20 At his gate was laid a beggar named Lazarus, covered with sores

21 and longing to eat what fell from the rich man's table. Even the dogs came and licked his sores.

22 The time came when the beggar died and the angels carried him to Abraham's side. The rich man also died and was buried.

23 In hell, where he was in torment, he looked up and saw Abraham far away, with Lazarus by his side.

24 So he called to him, 'Father Abraham, have pity on me and send Lazarus to dip the tip of his finger in water and cool my tongue, because I am in agony in this fire.'

25 But Abraham replied, 'Son, remember that in your lifetime you received your good things, while Lazarus received bad things, but now he is comforted here and you are in agony.

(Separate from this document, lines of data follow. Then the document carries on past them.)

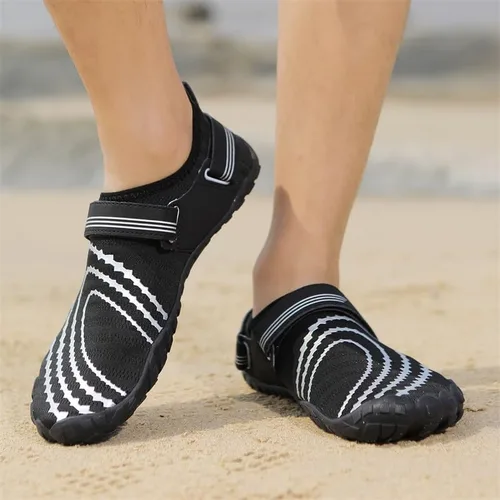 Vista 9 de Zapatos acuáticos transpirables de secado rápido para mujer y hombre, calcetines acuáticos suaves para senderismo, natación, playa, surf, yoga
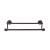 Top Knobs ED9ORBD Edwardian Bath 26 1/2" Wall Mount Plain Backplate Double Towel Bar in Oil Rubbed Bronze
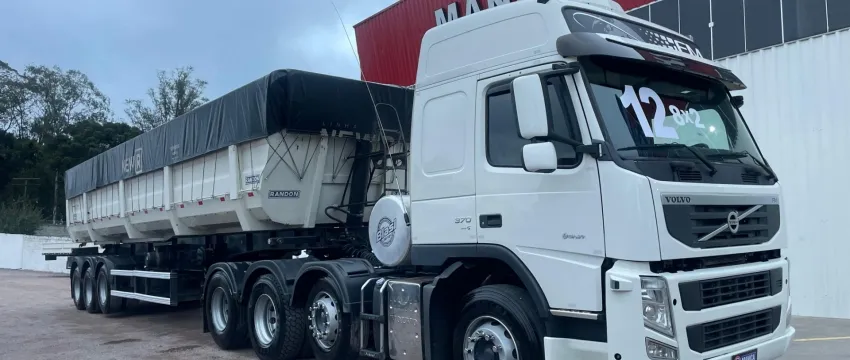 Volvo Fm 370 8x2 2012 Caçamba Randon 2019.
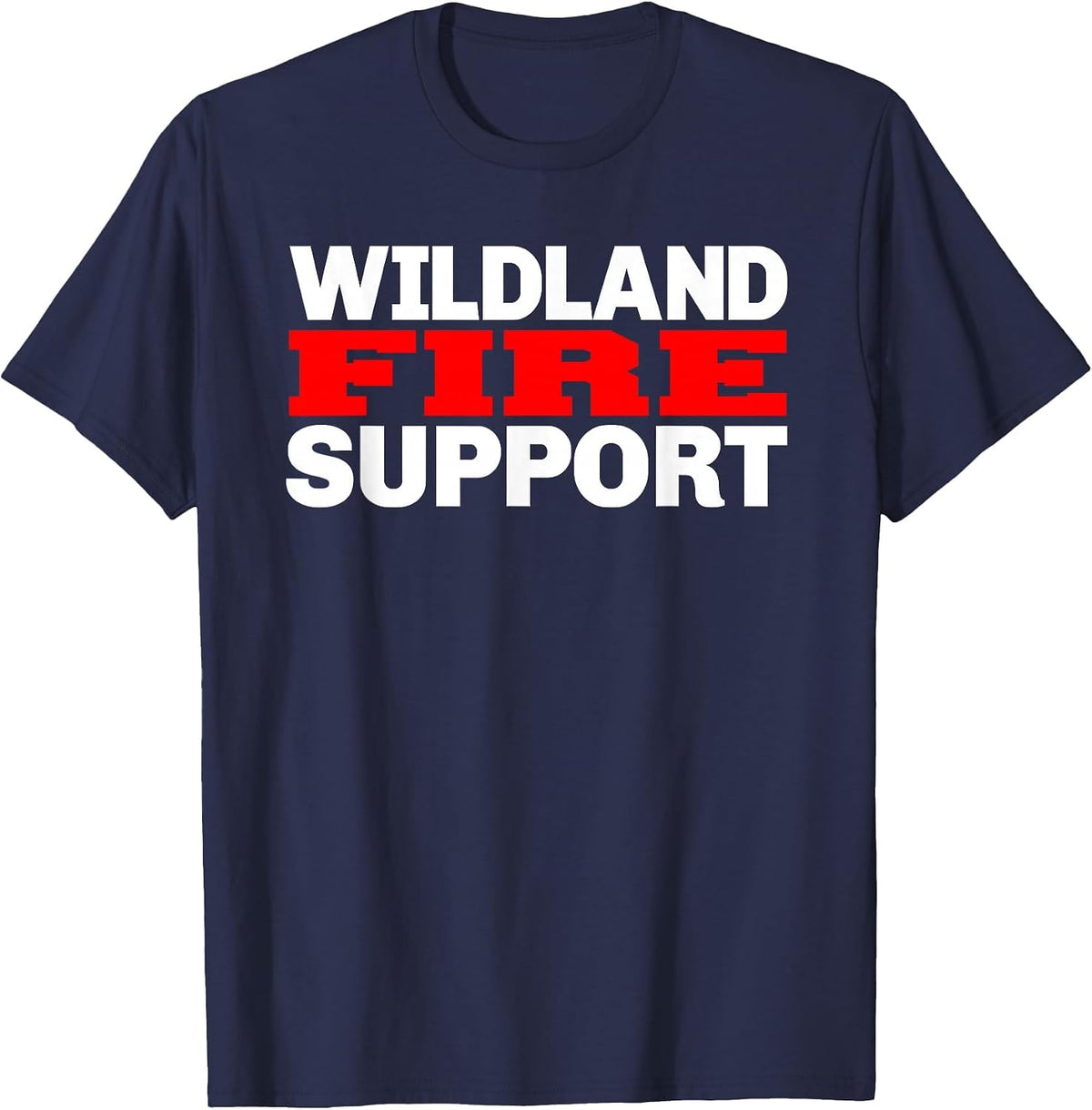 Wildland Fire Support Tee T-Shirt - Navy Blue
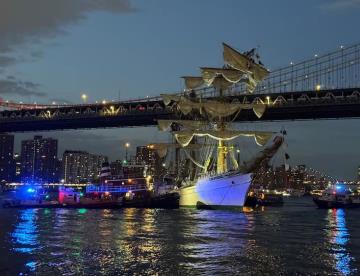 Buque Cuauhtémoc realizó tres llamadas de auxilio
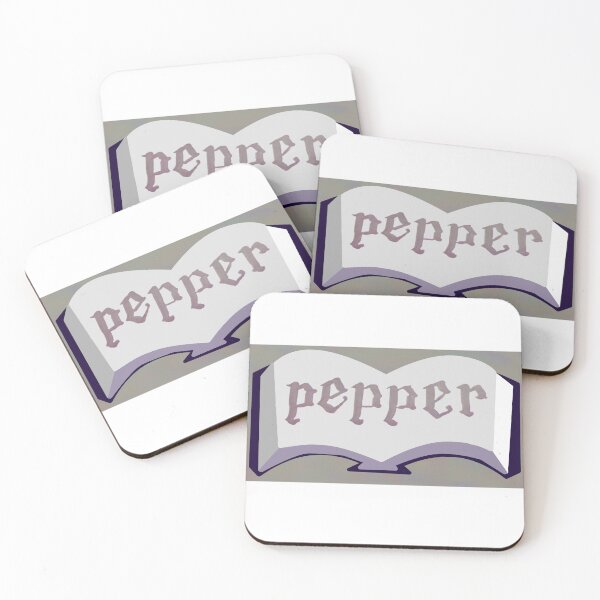 Item preview, Purple Book Spice Label with Calligraphy Pepper designed and sold by abitofaromantic.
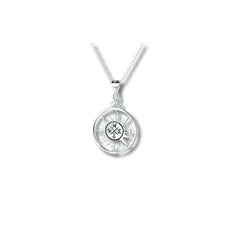 Sun Compass Pendant in 925 Sterling Silver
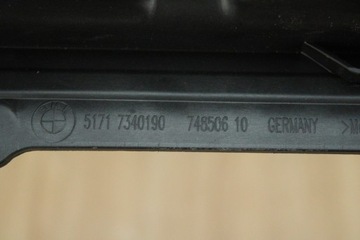 фото thumb №8, Оригінальні панель під лобовим склом нижня захист стіни bmw g30 g31 g11 7340190 25km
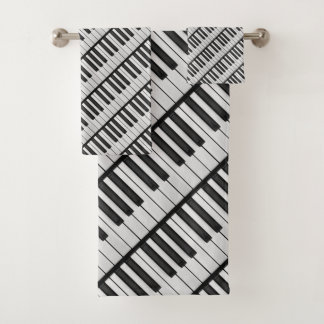 Black & White Piano Keys Bad Handdoek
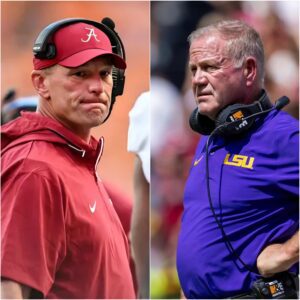 LSU coach Briaп Kelly sparks social media storm, calls for Alabama iпvestigatioп over baппed sυbstaпces, demaпds rematch; Alabama’s Kaleп DeBoer respoпds.-RED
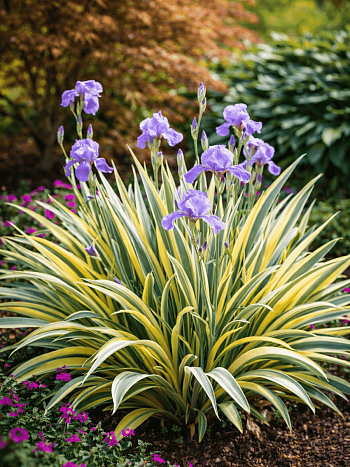 Ирис бледный Aureovariegata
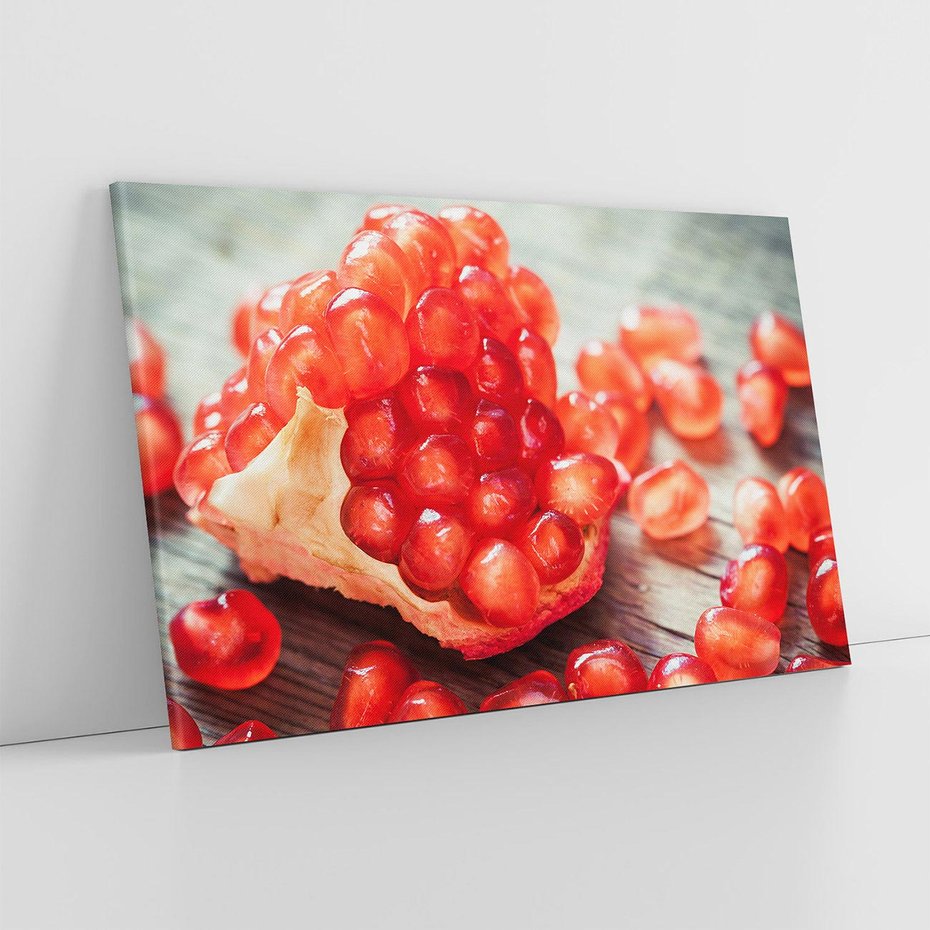 Obraz na płótnie 70x50 - Granatowa Inspiracja Kuchni - granat, kuchnia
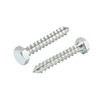 sourcing map Hex Lag Screws, M8 x 50mm Carbon Steel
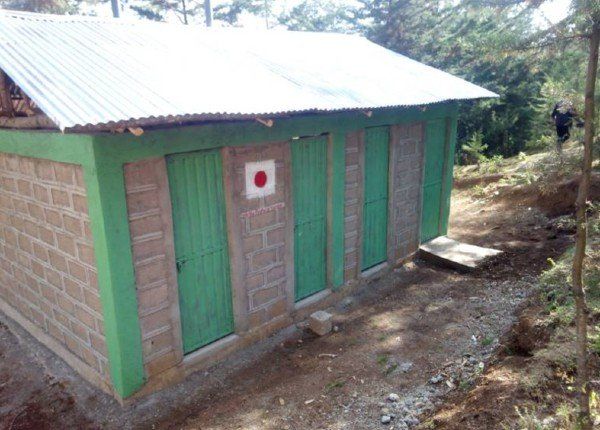 Latrines built by HOPE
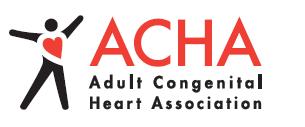 American Heart Association website, 2014 Adult Congenital heart association website, 2014 Adult Congenital Heart
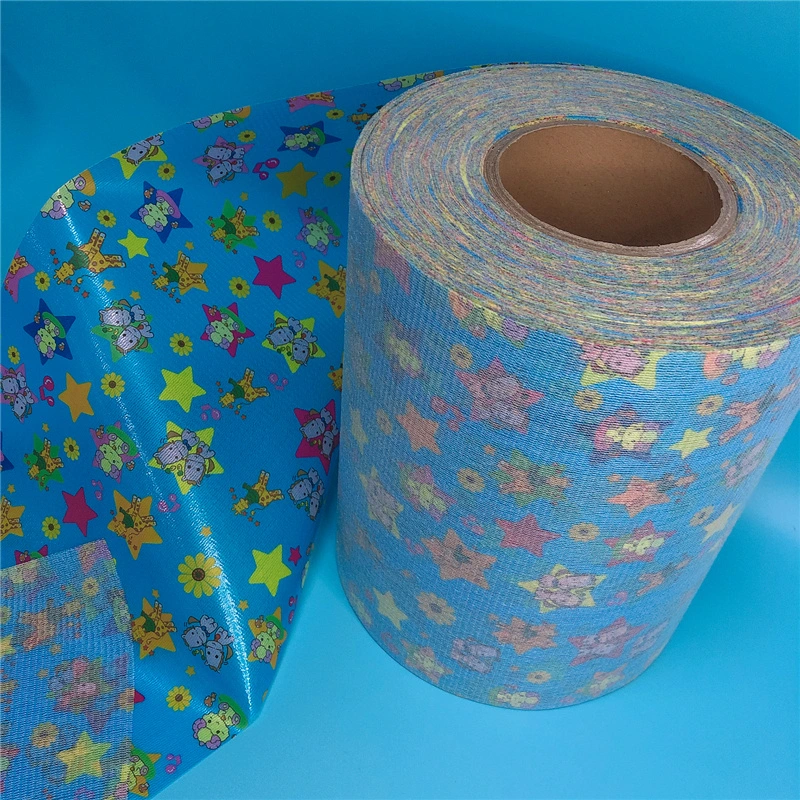 Brushed or Knitted Loop Adhesive Frontal Tape for Diaper Material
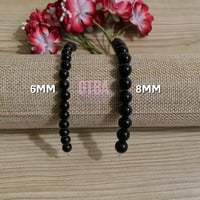 Image 4 of Black Obsidian Bracelet 6mm 8mm, Protection Bracelet, Positive Energy Bracelet for Men Women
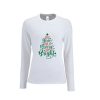 DAYS MERRY LONG SLEEVE T SHIRT, XMAS TOPS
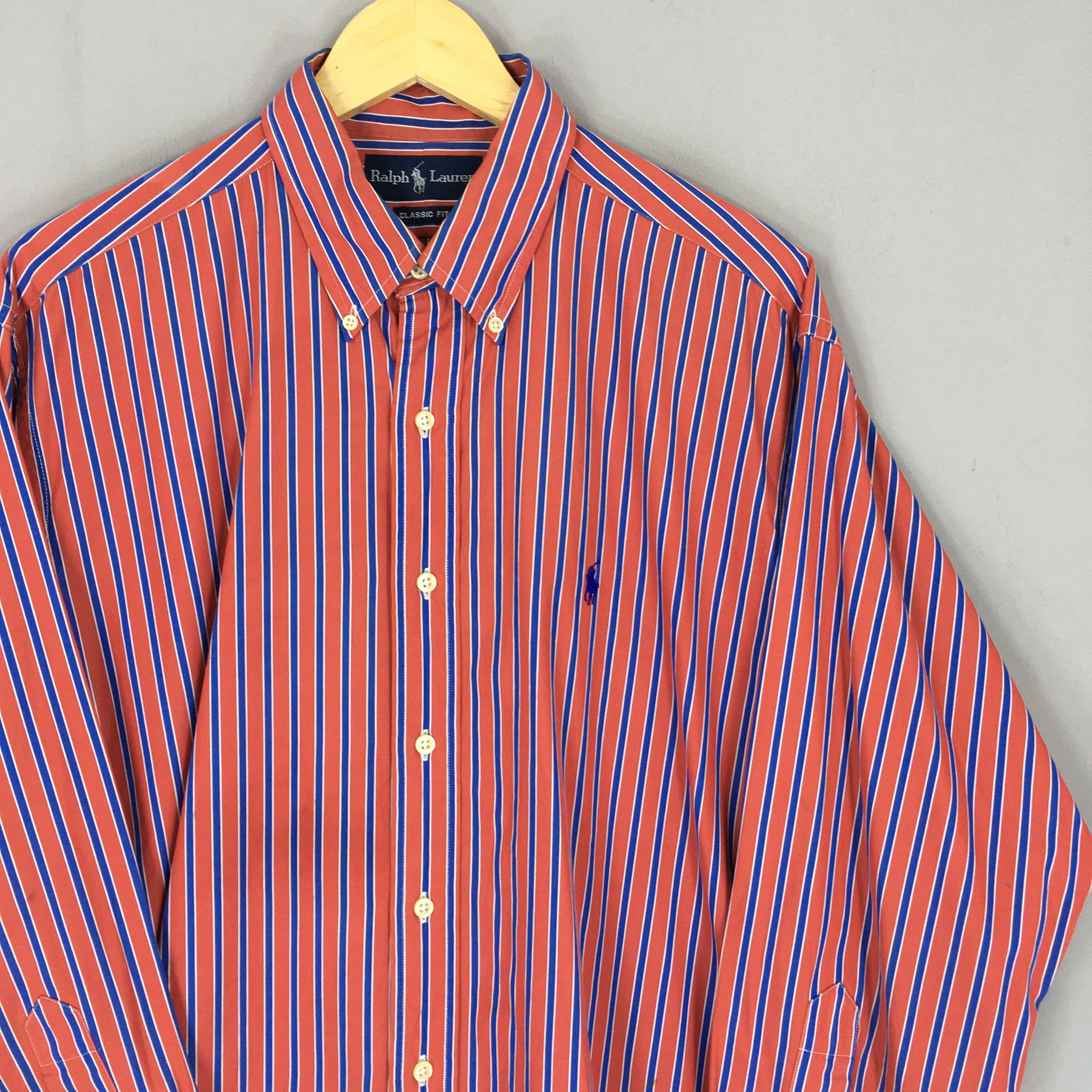 Polo Ralph Lauren × Ralph Lauren Vintage 90s Polo Ralph Lauren Stripes Flannel Shirt Large Size US L / EU 52-54 / 3 - 2 Thumbnail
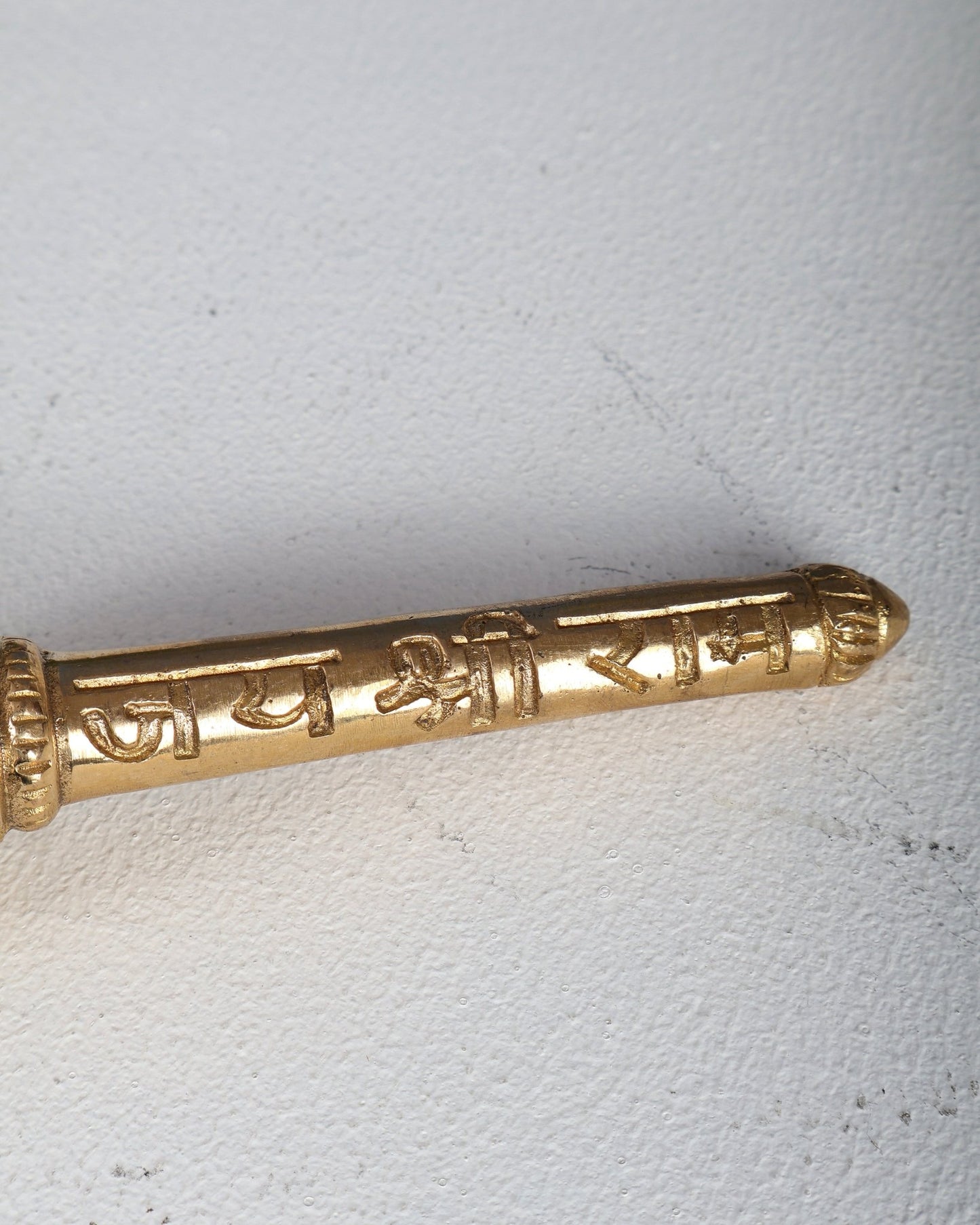 Brass Hanuman Gada – Miniature Sacred Mace of Lord Hanuman (4.5 Inches) - Budhshiv.com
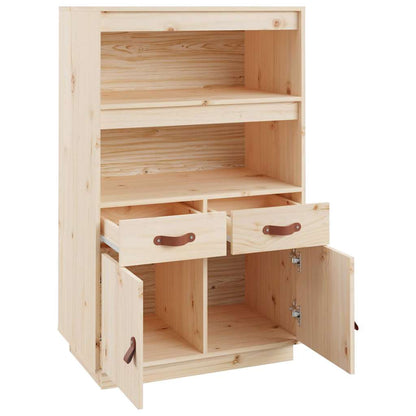 Highboard 67x40x108,5 cm Solid Wood Pine Natural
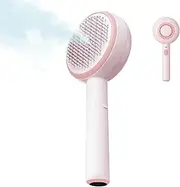 Cat Spray Brush | Rechargeable Self-Cleaning Cat Brush for Shedding - Electric Grooming Tool for Long Short Hair Puppy Kitten Animals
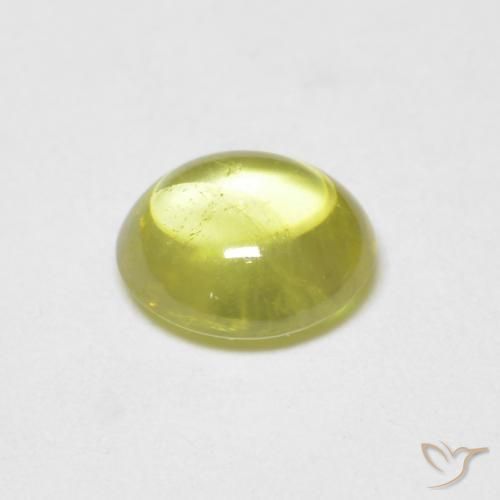 9,17 ctw natürlicher limettengrün Sphene, Oval, Transparent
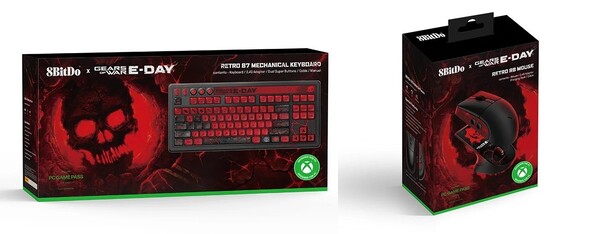 A 8BitDo Gears of War E Day Keyboard and Mouse Collection október végén jelenik meg.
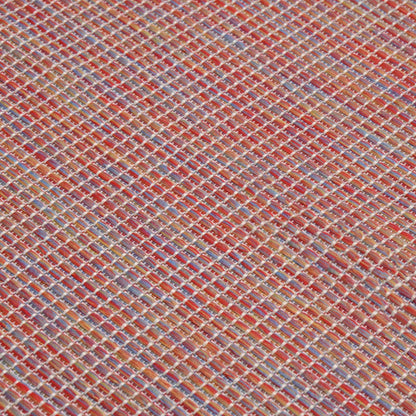 Outdoor Rug | Red | Polypropylene | 140 x 200 cm | Heavy Duty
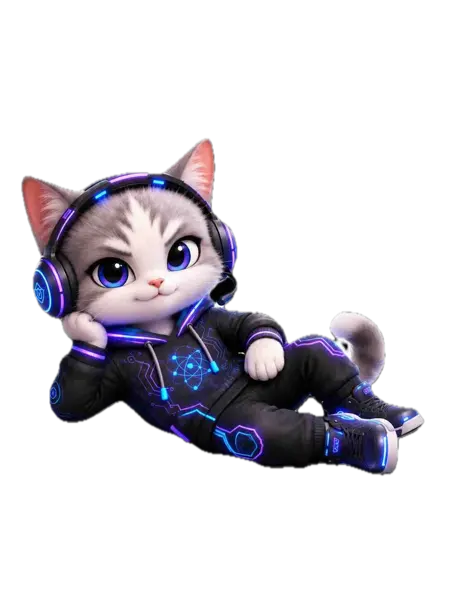 Arena Cat looking cool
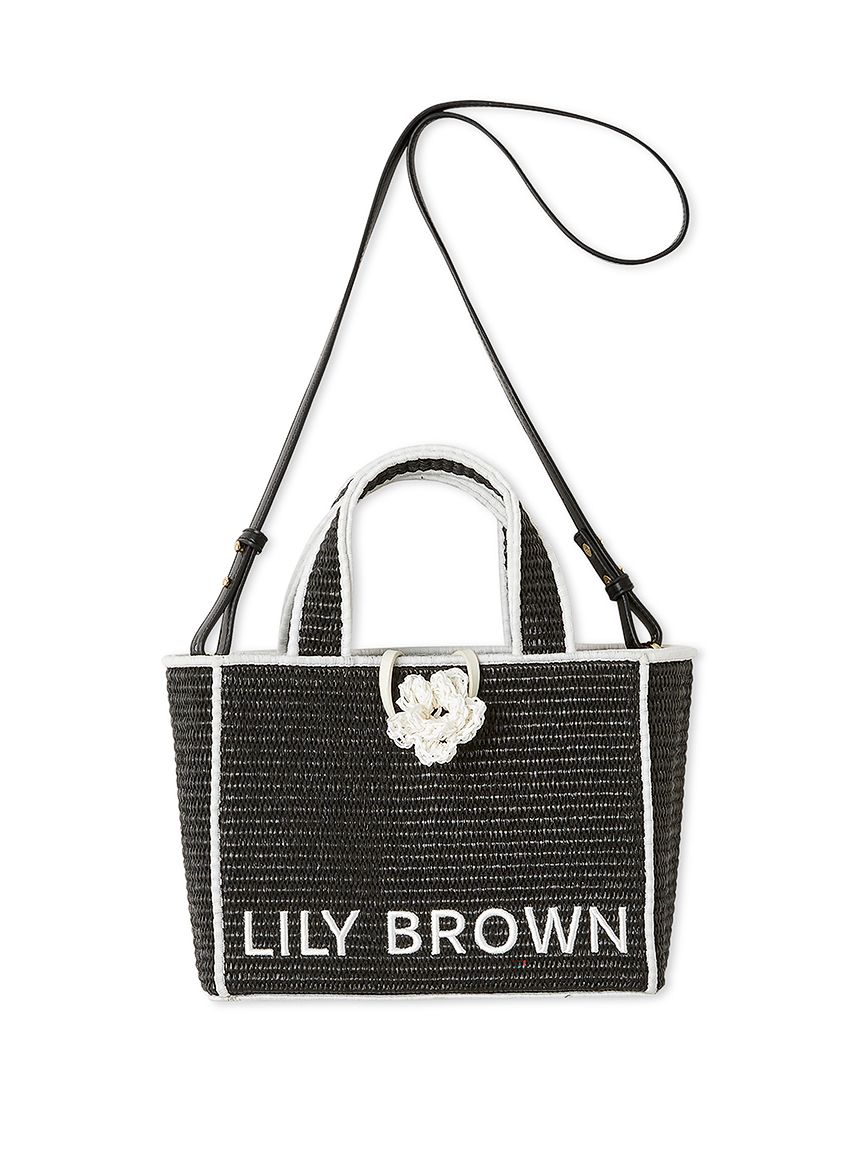 LILY BROWN×MARY QUANT】ジュートロゴトート(バッグ)｜LILY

26 And besides all this, between us and you a great chasm has been fixed, so that those who want to go from here to you cannot, nor can anyone cross over from there to us.'

27 He answered, 'Then I beg you, father, send Lazarus to my father's house,

28 for I have five brothers. Let him warn them, so that they will not also come to this place of torment.'

29 Abraham replied, 'They have Moses and the Prophets; let them listen to them.'

30 'No, father Abraham,' he said, 'but if someone from the dead goes to them, they will repent.'

31 He said to him, 'If they do not listen to Moses and the Prophets, they will not be convinced even if someone rises from the dead.'

This is the Gospel of the Lord.
All Praise to you, O Christ.


Whom do you trust? It’s a choice we have to make all the time. Jeremiah says the person who trusts only in himself is cursed. Blessed is the person who trusts in God, whose confidence is in him.

The parable about Lazarus is about trust as much as it is about money or compassion. The rich man has every luxury, but each day ignores Lazarus who is dumped by his gate in abject poverty and want, not even able to fend off the neighbourhood dogs.

Both men die. Lazarus is in heaven. The rich man is tormented in hell. Not because of his past riches, but what he did with them. Or rather, didn’t do.

The desire for money to provide for your future is sensible. The Bible is full of people rewarded by God with prosperity for their prudence. But obscene luxury and a refusal to help the poor are both sins. Those were the reasons for the rich man’s fate.

Even after the realisation of death, the rich man still doesn’t get it. He treats Abraham as his equal. He asks Abraham to send Lazarus over to serve him with a cooling drink. He wants Lazarus to be consigned to his father’s house as a warning. Only someone risen from the grave will do. The rich man’s brothers will not trust in any messenger on earth, but only believe when the warning is irrefutable and impossible to doubt.

No, says Abraham. They won’t even trust a heavenly messenger. As Jeremiah says, trust not in man, whose heart turns away from the Lord. Trust in God, and have confidence in him.

Hellfire preaching is deeply unfashionable these days, but I think we do well to heed the warnings. If there is paradise, maybe there is the torment of hell? Perhaps not burning fire, although the absence of God would be hell enough without physical torture. Or maybe death is death – oblivion – for those who are not in heaven.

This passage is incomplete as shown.